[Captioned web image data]
•••••

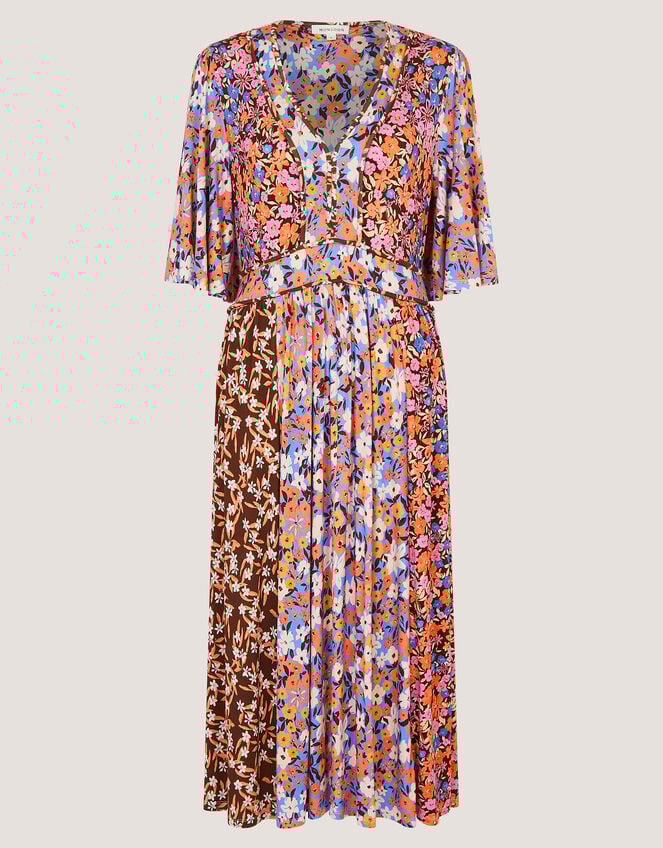 Ceri Floral Print Jersey Midi Dress, Multi (MULTI), large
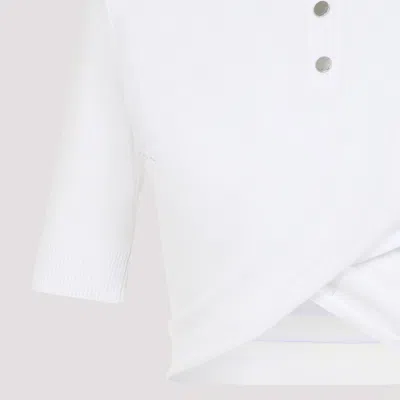 Sportmax White Shaker Polo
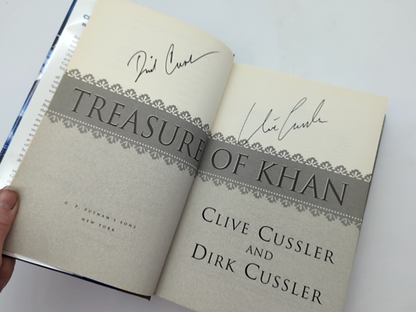 Treasure Of Khan (dirk Pitt Adventure), Clive Cussler & Dirk Cussler,  Signed by Dirk Cussler, Clive Cussler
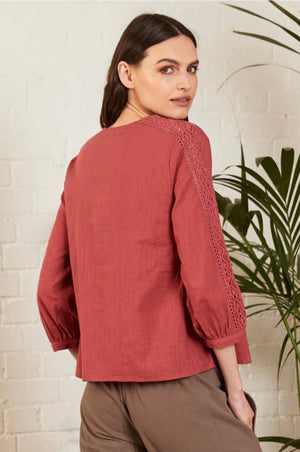 PC4173 Lace Trim Shirt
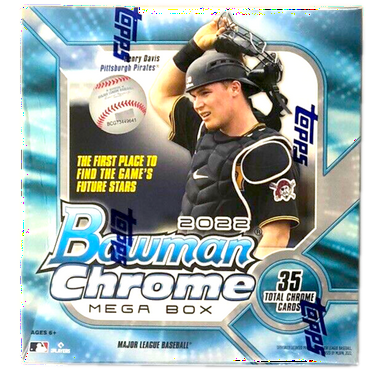 Collectible 2022 Topps Bowman Chrome Baseball Mega Box Trading Cards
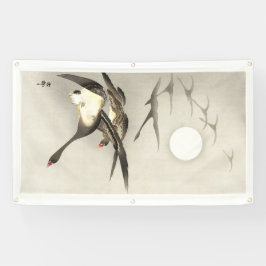 FLIEGENDE GÄSE UND FULL MOON JAPANESE DRUCKBanner Banner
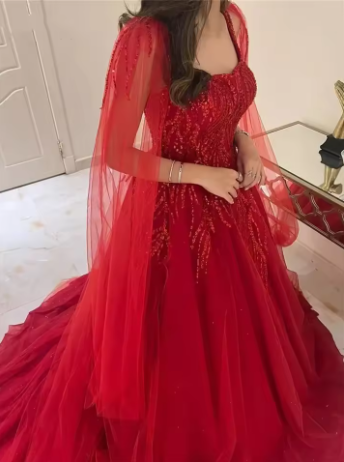 Sexy Ball Gowns Navy Blue Tulle Long Sequin Prom Dress Long Prom Dresses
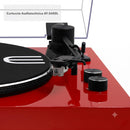 RLINE RLTN11GR Giradischi a cinghia con modulo Bluetooth, Rosso Lucido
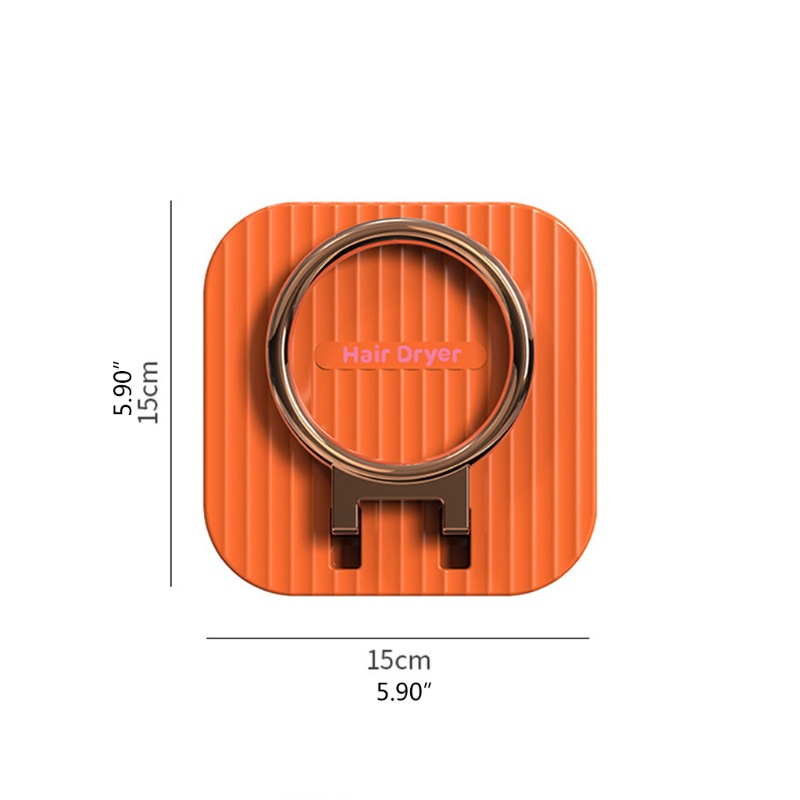 Giá Đỡ Máy Sấy Tóc Gắn Tường Có Thể Gập Lại Tiện Dụng Cho Phòng Tắm Khách Sạn
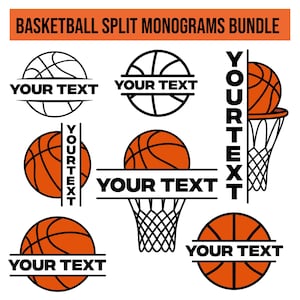 Basketball Logo SVG PNG, Basketball Team Svg, Basketball Name Svg, basketball hoop, basketball logo sublimation, Instant download Split Mono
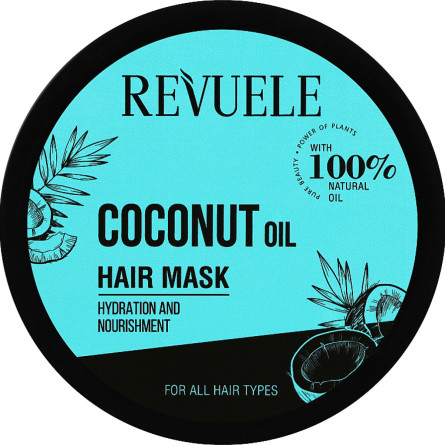 Маска для волосся Revuele Coconut Oil Hair Mask з кокосовою олією 360 мл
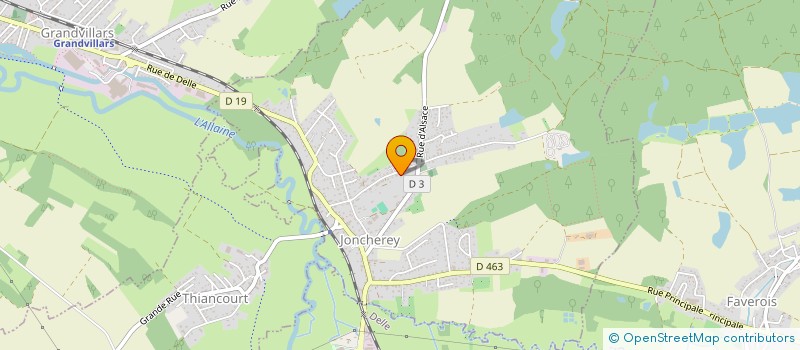 localisation de l'entreprise MONSIEUR TANGUY DUCOURNEAU  JONCHEREY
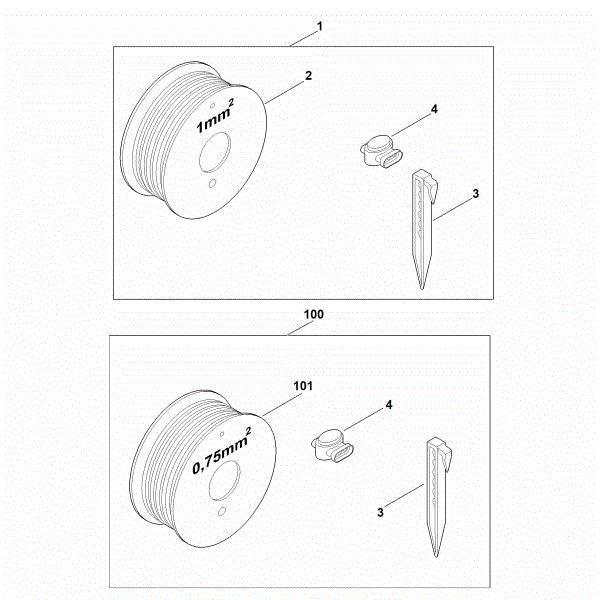 Imagen de A - Material de instalacián kit L Kit L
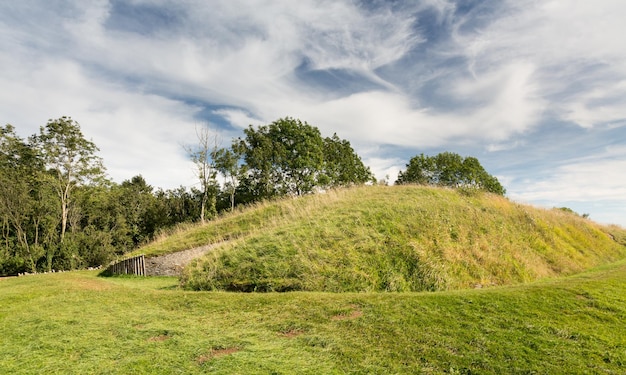 Taczka Belas Nap na Cleeve Hill Cotswolds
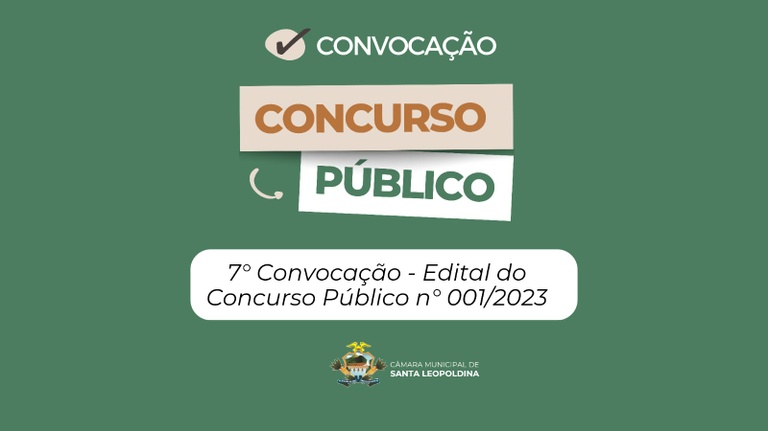 7° Convocação - Edital de Convocação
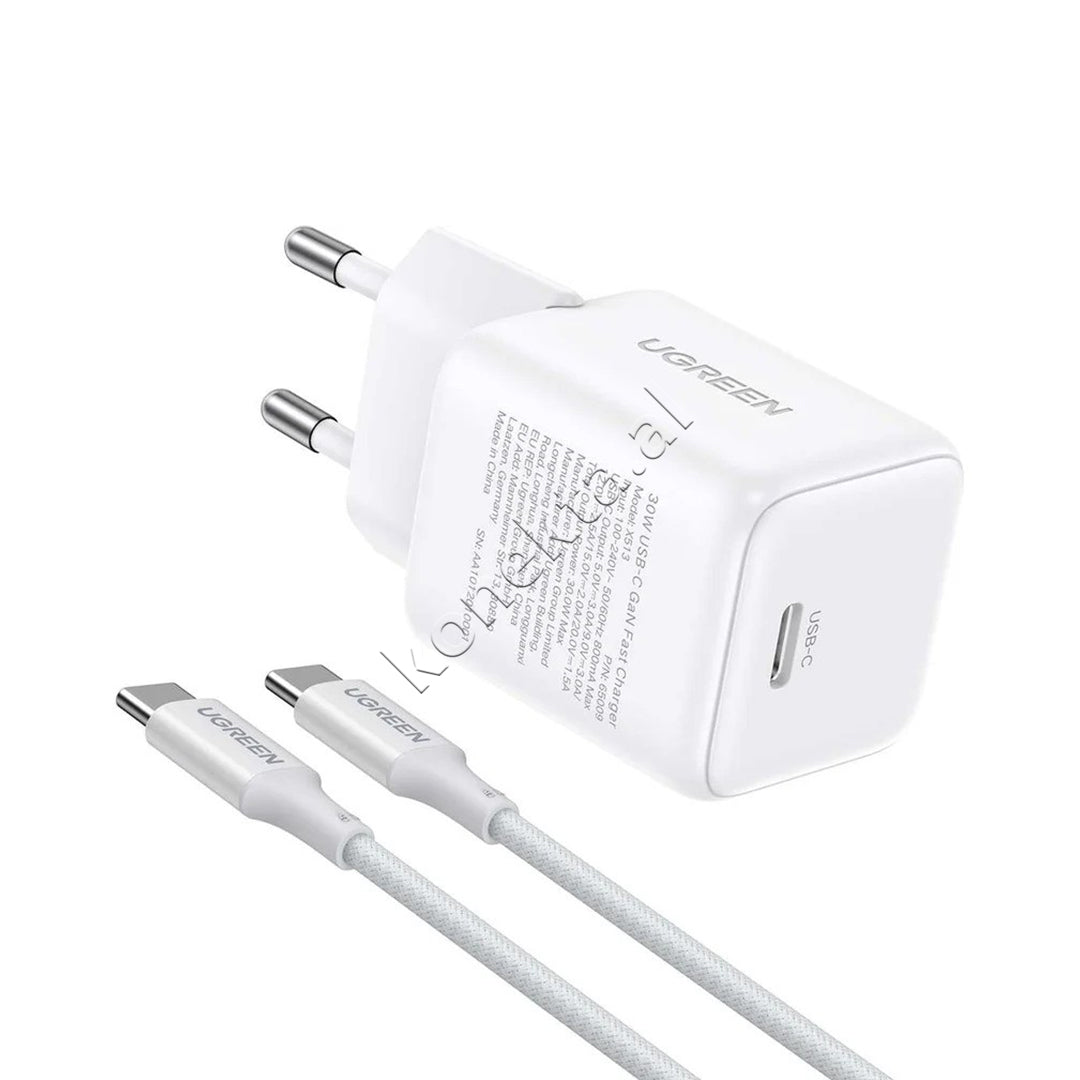 Adaptor Karikimi 30W GaN Me Fishe Type-C 1m Ugreen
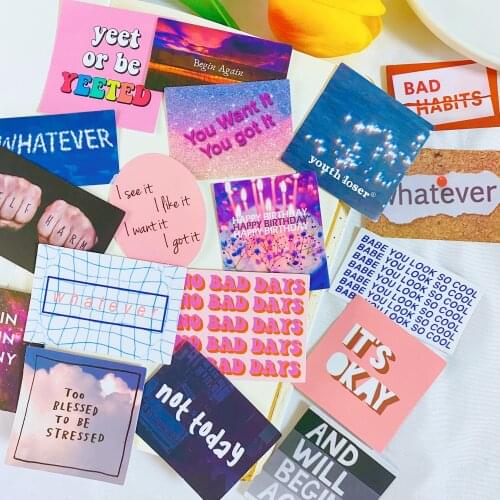 50PCS Pink Lost Diary Series Stickers DIY Scrapbook Bottom Collage Phone Diary Photograph Props Gift Sealing Decoration Material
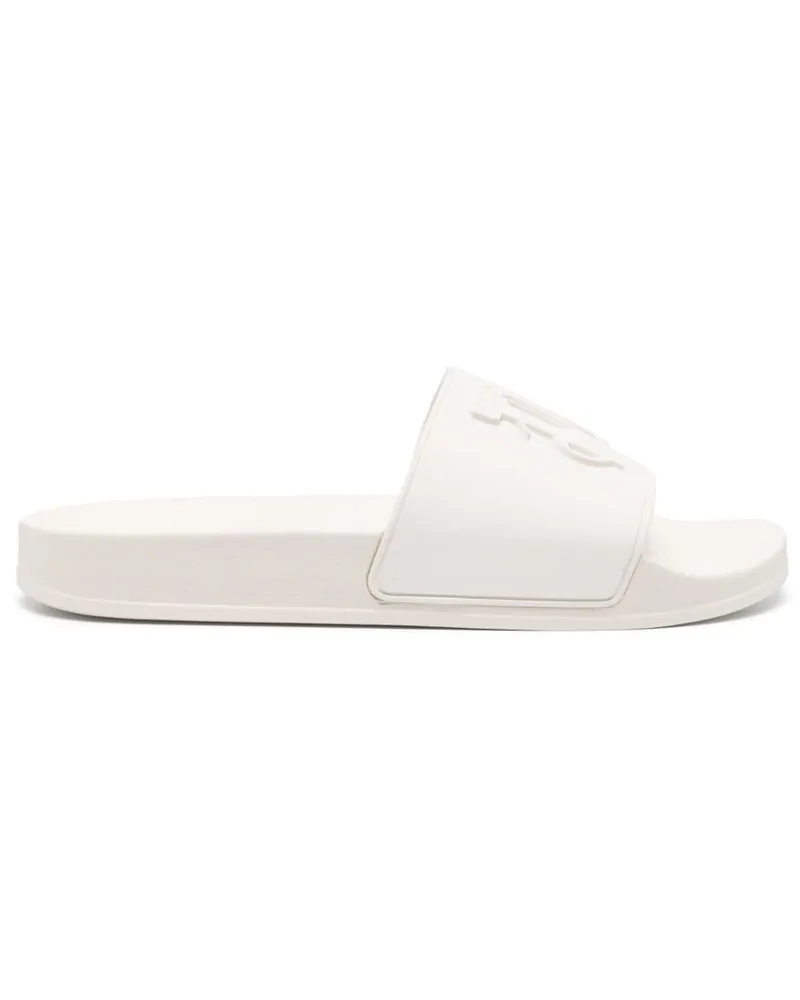 Palm Angels Pantoletten mit PA-Monogramm - Weiß Weiß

•••••

Exercise aim: Working from the entries above, reproduce exactly and only the lines beginning with the line that has "Collectible 2022 Topps" and ending with the line that has "7° Convocação - Edital de Convocação"; omit all pictures.

Answer box:
 Collectible 2022 Topps Bowman Chrome Baseball Mega Box Trading Cards
 FLIEGENDE GÄSE UND FULL MOON JAPANESE DRUCKBanner Banner
 Sexy Ball Gowns Navy Blue Tulle Long Sequin Prom Dress Long Prom Dresses
 RLINE RLTN11GR Giradischi a cinghia con modulo Bluetooth, Rosso Lucido
 Giá Đỡ Máy Sấy Tóc Gắn Tường Có Thể Gập Lại Tiện Dụng Cho Phòng Tắm Khách Sạn
 Basketball Logo SVG PNG, Basketball Team Svg, Basketball Name Svg, basketball hoop, basketball logo sublimation, Instant download Split Mono
 Маска для волосся Revuele Coconut Oil Hair Mask з кокосовою олією 360 мл
 localisation de l'entreprise MONSIEUR TANGUY DUCOURNEAU  JONCHEREY
 Imagen de A - Material de instalacián kit L Kit L
 Taczka Belas Nap na Cleeve Hill Cotswolds
 7° Convocação - Edital de Convocação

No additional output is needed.